- Born: 17 July 1981 (age 44) Tamano, Okayama Prefecture, Japan
- Education: Ochanomizu University Faculty of Education
- Years active: 2004–
- Employer: NHK Tokyo Announce Room
- Known for: Tottori and Hiroshima Ambassador for Promotion of Digital Terrestrial Broadcasting
- Website: Official website

= Asahi Inoue =

Japanese announcer (born 1981)

Asahi Inoue (井上 あさひ, Inoue Asahi) is an announcer for NHK.

==Biography==
Inoue is from Tamano, Okayama Prefecture. After graduating from Okayama High School and Ochanomizu University, she joined NHK in 2004. She was a manager of the baseball club while she was in high school.

She served as Ambassador for Promotion of Digital Terrestrial Broadcasting for both the Tottori and Hiroshima stations. Since she is from Okayama Prefecture, she also had many opportunities to be appointed in regional programmes throughout the Chugoku region. She also served as an ambassador for terrestrial digital broadcasting and carried out public relations activities with female announcers of commercial stations. In an advert she wore a uniform of Hiroshima Toyo Carp and launched a terrestrial digital broadcasting promotional release. She professed that she is a Carp fan even in private.

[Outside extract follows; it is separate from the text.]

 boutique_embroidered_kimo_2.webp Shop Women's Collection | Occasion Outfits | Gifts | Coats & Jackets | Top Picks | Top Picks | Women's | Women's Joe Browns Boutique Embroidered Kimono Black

Her hobbies are playing with her two nephews and the playing the koto. She is good at remembering people's faces, but not good at remembering their names. Since she acquired a teaching license for primary schools and junior high schools, she "I could have become an elementary school teacher if I did not become an announcer."

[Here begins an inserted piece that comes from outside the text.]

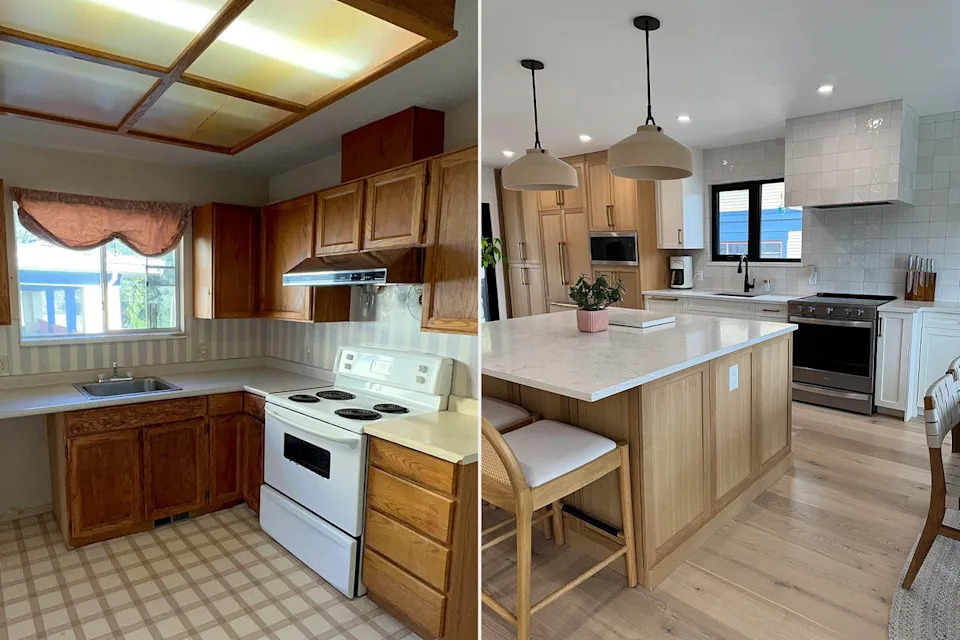 Before and after of Theresa Vanderstar's kitchenCredit: Theresa Vanderstar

She usually listen to the radio often, and listens to the TBS Radio series Hikaru Ijūin: Shinya no Bakajikara on a timer and listens to it without hesitation. She even told Hikaru Ijūin himself that she is a fan of the programme.

==Programmes in charge==
===Former===
- Okonomi Wide Hiroshima (caster, Apr 2006 - 13 Mar 2009)
  - In charge of replacing the casters Mikiko Yamasako in 2008.
- Chakushin Orei! Kētai Ōgiri (22 May 2006, 4 and 11 Apr 2010. Either day at late night)
- Ogenkidesuka Nipponrettō (14 Apr 2008 - Jan 2009, news in Chugoku area, in charge of replacing Yamasako)
- NHK News Ohayō Nippon (from 18 to 22 Aug 2008)
- Hyakusai Banzai! special "Life is a Challenge!" (15 Sep 2008, progress_
  - Hiring from the fact that the Hiroshima Bureau is the production secretariat. However, the programme itself was recorded in Tokyo.
- Nippon no Shoku: Furusato no Shoku (7 Mar 2009 General 10:05-11:54)
  - Nationwide broadcasting. It was broadcast as the Japan Agricultural Awards ceremony interlocking special edition and was responsible for relaying from the event venue.
- Oi, Nippon: Watashi no Sukina Tottori Ken (After Tokyo transfer)
- Kotoba Ojisan no Nattoku Nihongo Juku: Announcer no Hōgen File (Okayama's words)
- Netchū Jikan Series (2009)
- Konna Suteki na Nippon ga (occasionally, narration)
- Seikatsu hotto Morning (occasionally, reporter)
- Sanchihatsu! Tabemono Itchokusen (5 Apr 2009 - 2 Apr 2011)
- Inochi Dramatic
- News Watch 9 (caster, 4 Apr 2011 - 27 Mar 2015)
- Taira no Kiyomori (Kiyomori travelogue narration, 8 Jan - 23 Dec 2012)
- Ano Hito ni Aitai (narration, Apr 2014 - Mar 2015)
- News 630: Kyō ichi ni chi (reporter, Apr 2015 - Mar 2017)
- Kyoto News 845 (Apr 2015 - Mar 2017, took on occasionally)
- News Web (monthly, 26 Jun 2015 - 18 Mar 2016)
- Shumidoki'! "The Tea Ceremony Osenka -The First Time to Enjoy the Tea Ceremony-" (NHK E, Feb-Mar 2016) All 8 times - Listener
- Close-up Gendai Plus (caster, Apr 2016 - Mar 2017)
- NHK News 7 (22 Apr 2016 - 31 Mar 2019)
- Rekishi Hiwa Historia (weekend and public holiday caster, 8 Apr 2017 - 13 Mar 2019)
- News Today (Apr 2019 - Mar 2021)
- Nichiyo Toron (4 Apr 2021 - 27 Mar 2022)
- Humanience (1 Apr 2021 - Mar 2022)

===Others===
- Nikkan Sports entertainment column "AnaGura" (Wednesday in charge of May 2010)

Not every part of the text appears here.